## DATA RECORDS
+--

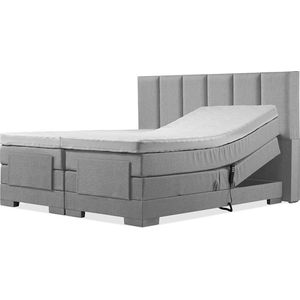 Soft bedden Elektrische Boxspring - 180x200 - Incl. Horizontaal hoofdbord - Zilvergrijs met plint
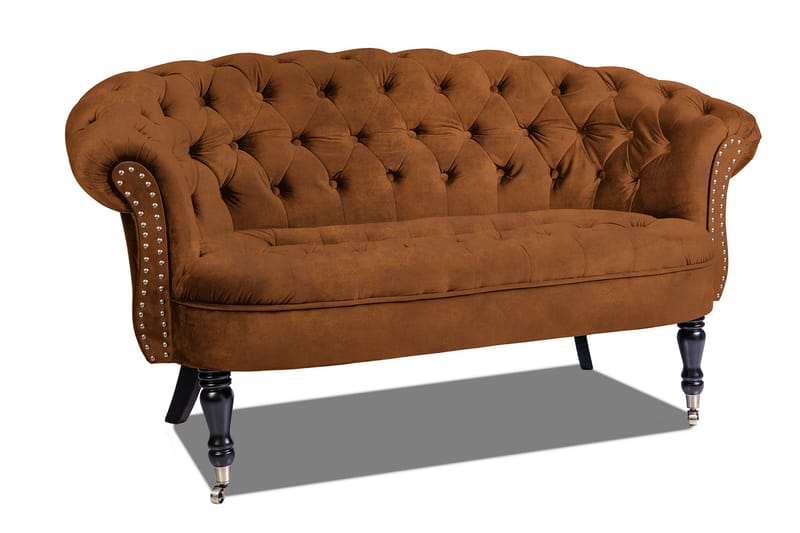 Chesterfield Ludovic Soffa 2-sits - Cognac - 2 sits soffa - Chesterfield soffa - Sammetssoffa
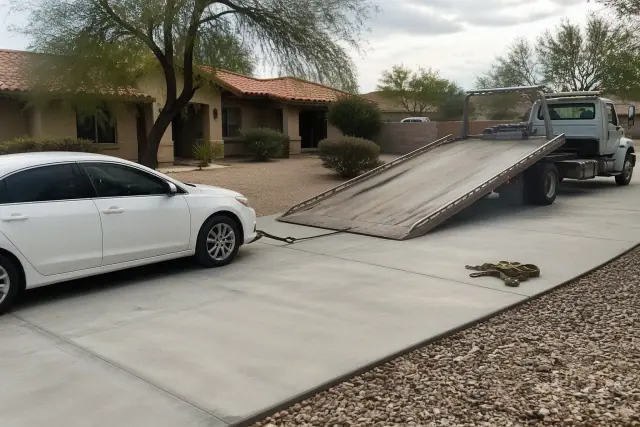 Tow truck winching a car onto a flatbed at a residence in Avondale, AZ.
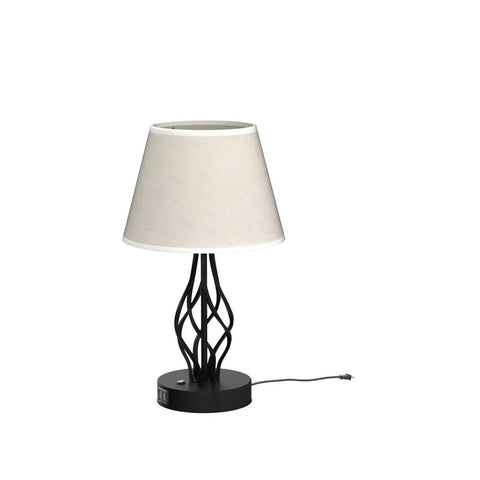 Set Of 2 Bedside Table Lamps With Dual USB Ports, Modern Nightstand Lamps With Spiral Cage Design, white linen shade and black base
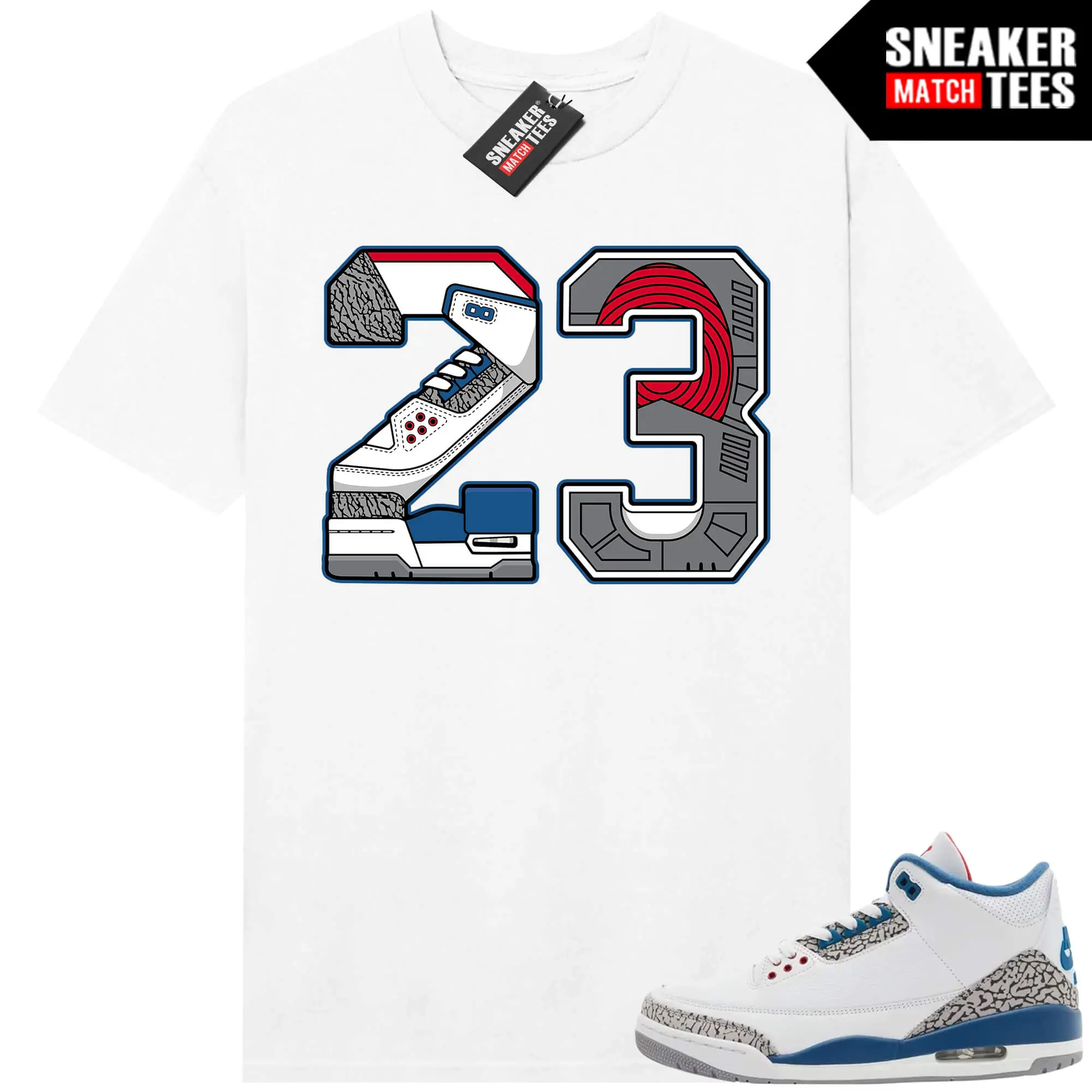 True Blue 3 AJ3 Sneaker Match Tees White 23 Sole Graphic Tee, 90s Hip Hop Tee, Gift For Women and Man Unisex T-Shirt, Cozy Gift Graphic Shirt Menswear Unisex
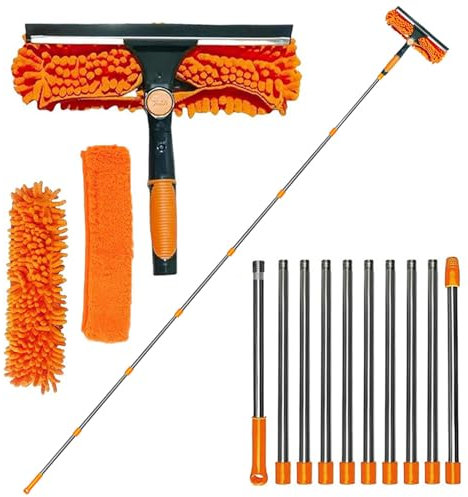 Polegas 4.5M Window Squeegee Cleaning Equipment, Glass Cleaning Tools with Long Handle, Cleaner Brush with Silicon Squeegee and Scrubber Tool, Cleaning Kit for Indoor/Outdoor High Window, Wall, Car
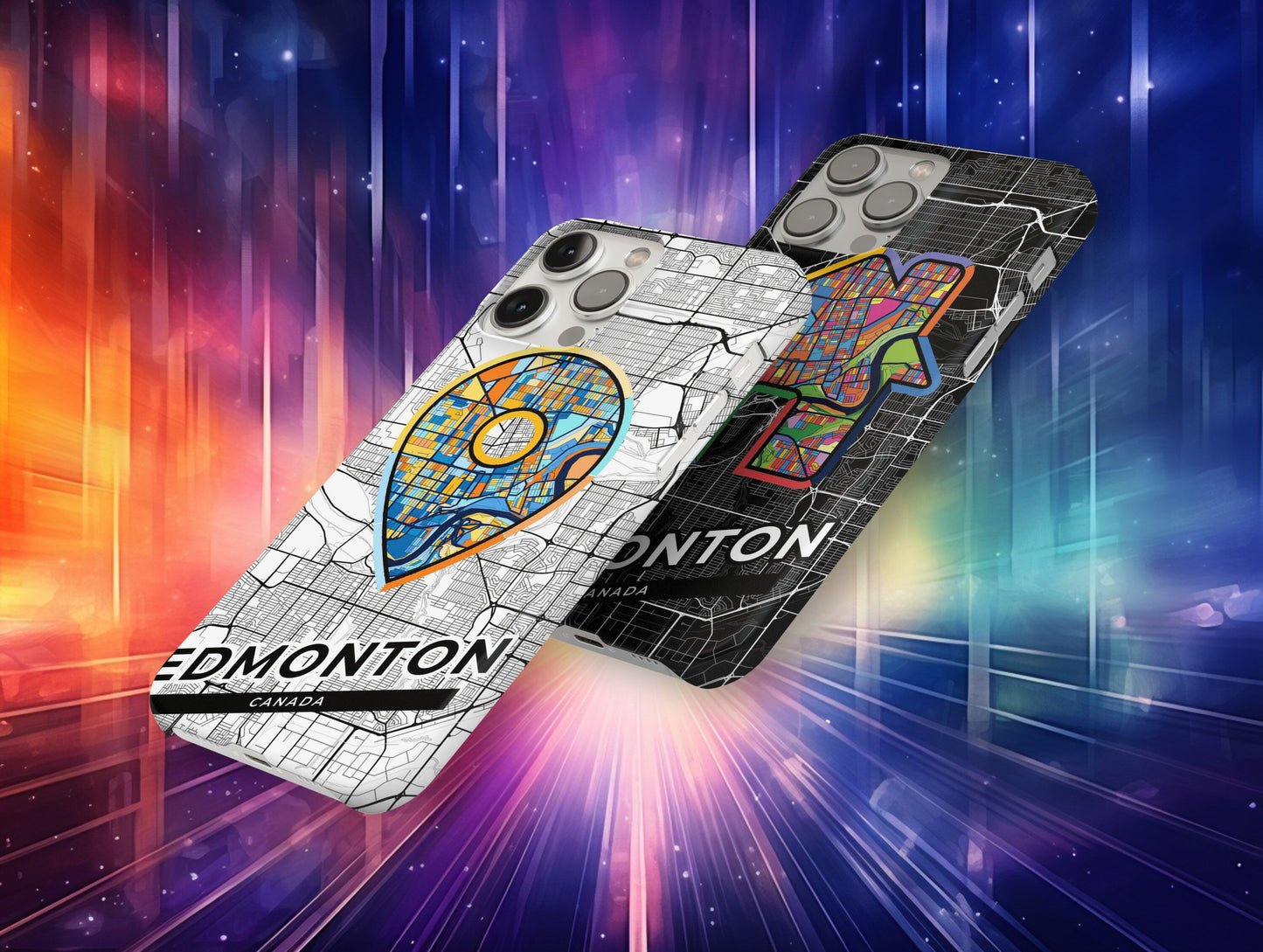 Edmonton Canada slim phone case with colorful icon. Birthday, wedding or housewarming gift. Couple match cases.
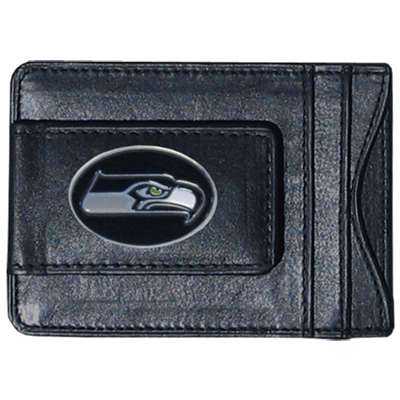 Seattle Seahawks Leather Card Holder Money Clip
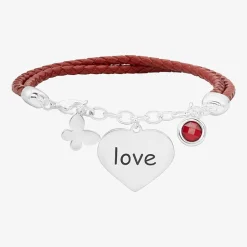Sparkle Allure White Leather Love Womens Cubic Zirconia Pure Silver Over Brass Butterfly Heart Charm Bracelet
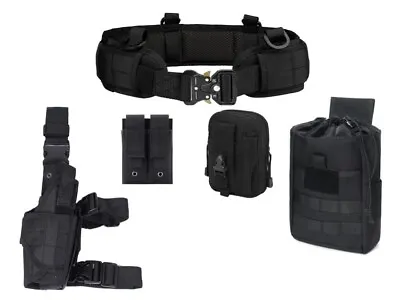 Tactical Battle Belt/Pistol Belt Set With MOLLE Pouches And Drop Leg Holster • $49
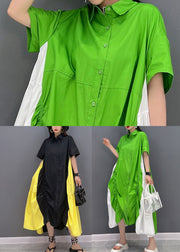 Green White Patchwork Cotton Loose Dresses Cinched Short Sleeve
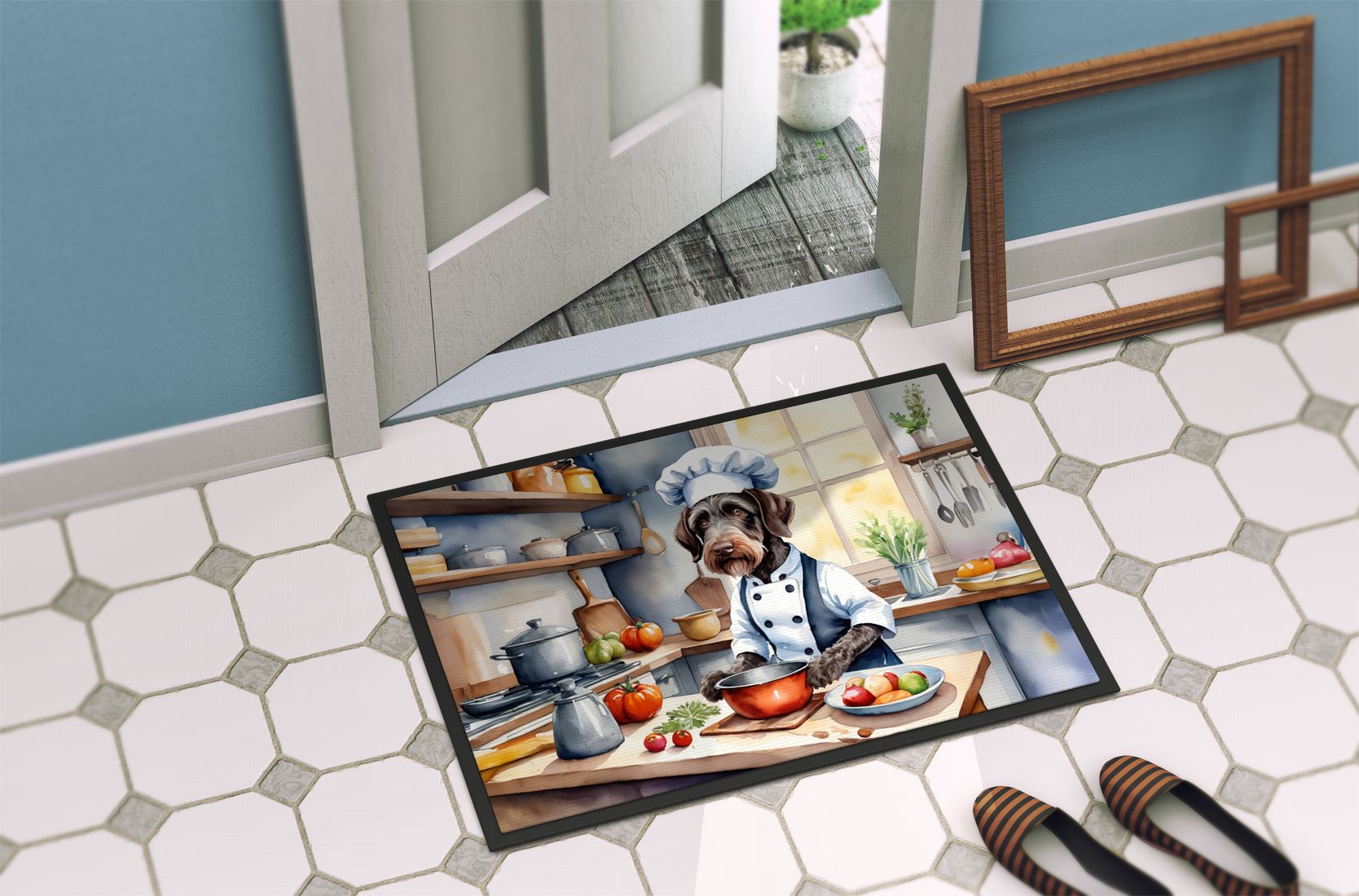 German Wirehaired Pointer The Chef Doormat Front Door Mat Indoor Outdoor Rugs for Entryway, Non Slip Washable Low Pile, 24H X 36W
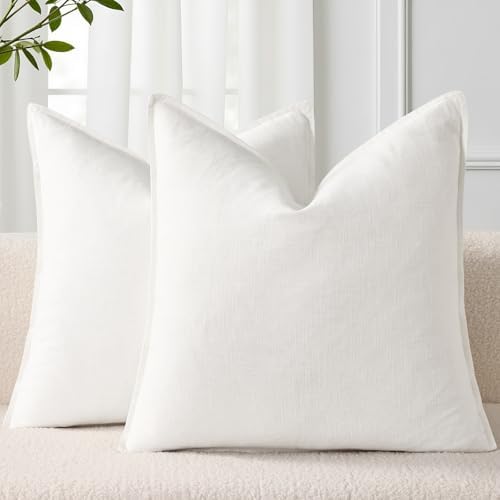 decorUhome Fall Cream White Linen Throw Pillow Covers 18x18 Set of 2 by decorUhome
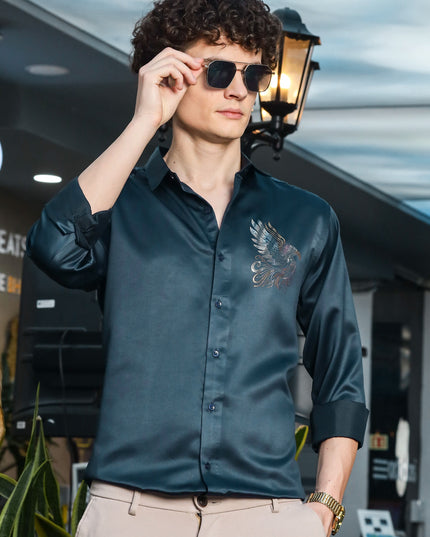 Slate Rama Sequence Club Wear Satin Party Shirt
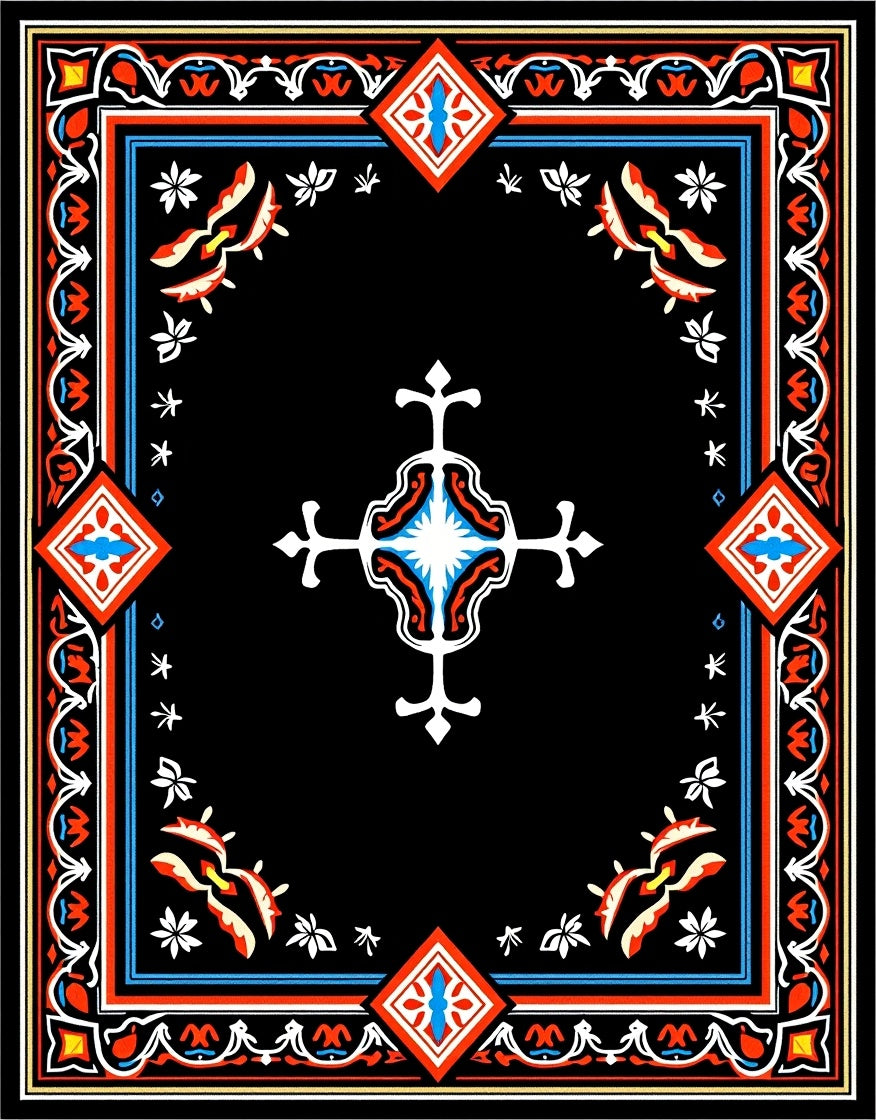 Bold Black Red White Geometric Medallion Rug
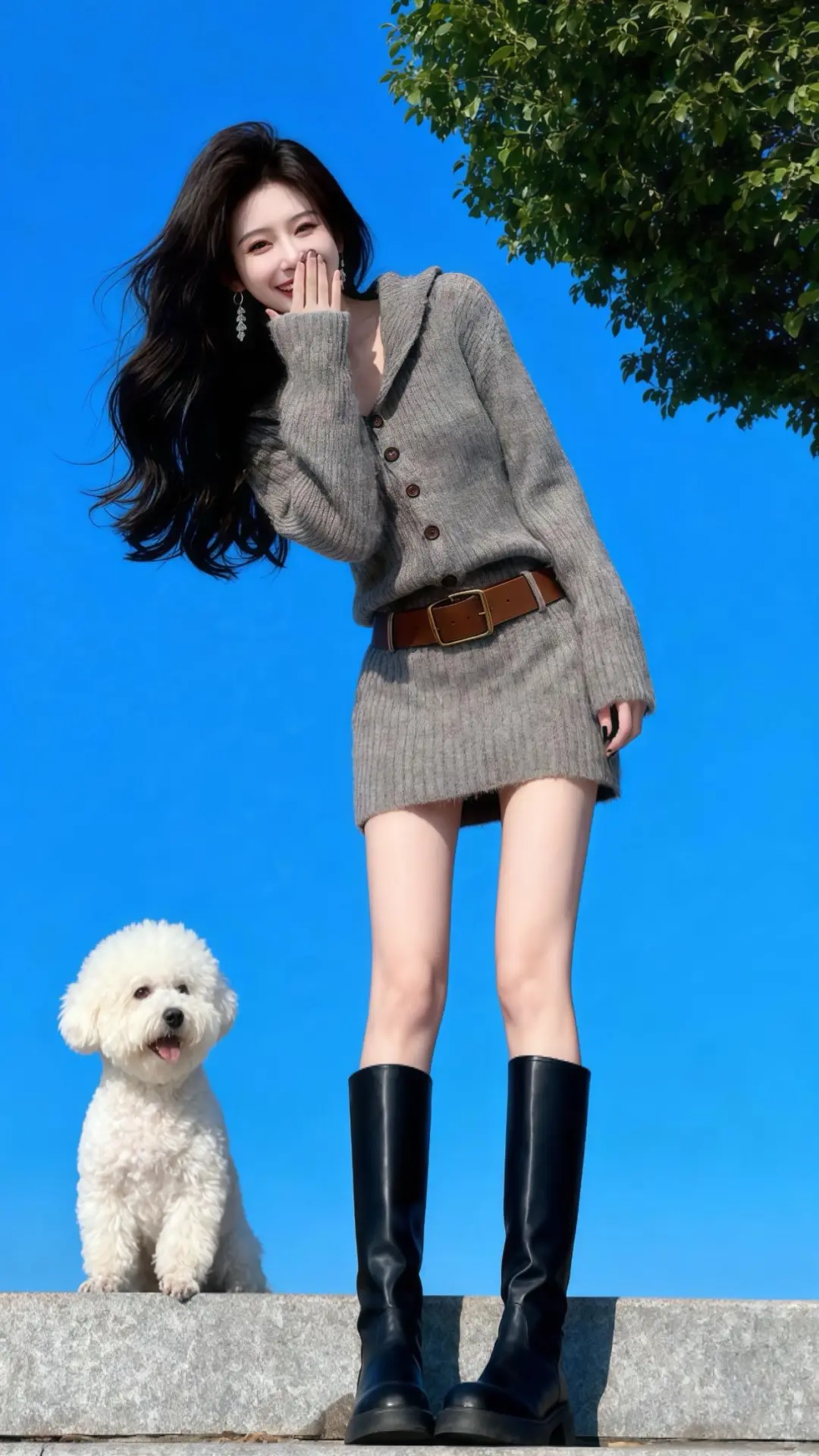 小个子必入~秋冬灰色收腰针织裙气质拿捏了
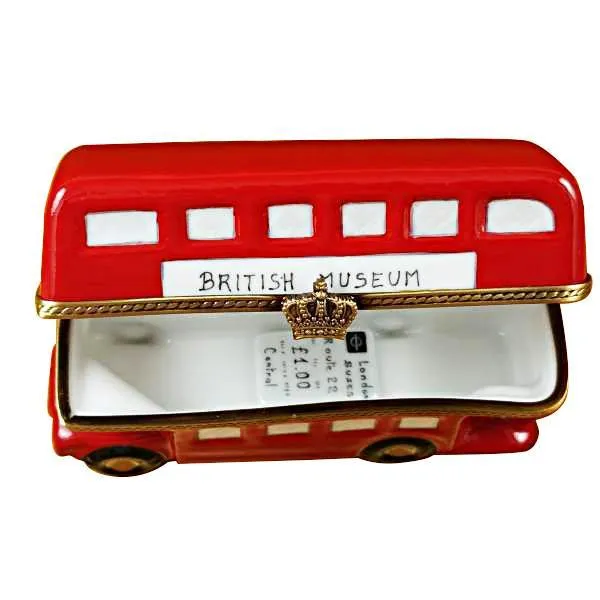 London Double Decker Bus With Removable Ticket Limoges Box by Rochard™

+--

## BRIEF
Skip the pictures and restate exactly the lines from the beginning of the listing to the line with "Set Of 2 Bedside", that line included.

## TASK RESULT
 Soft bedden Elektrische Boxspring - 180x200 - Incl. Horizontaal hoofdbord - Zilvergrijs met plint
 Chesterfield Ludovic Soffa 2-sits - Cognac - 2 sits soffa - Chesterfield soffa - Sammetssoffa
 Tow truck winching a car onto a flatbed at a residence in Avondale, AZ.
 Set Of 2 Bedside Table Lamps With Dual USB Ports, Modern Nightstand Lamps With Spiral Cage Design, white linen shade and black base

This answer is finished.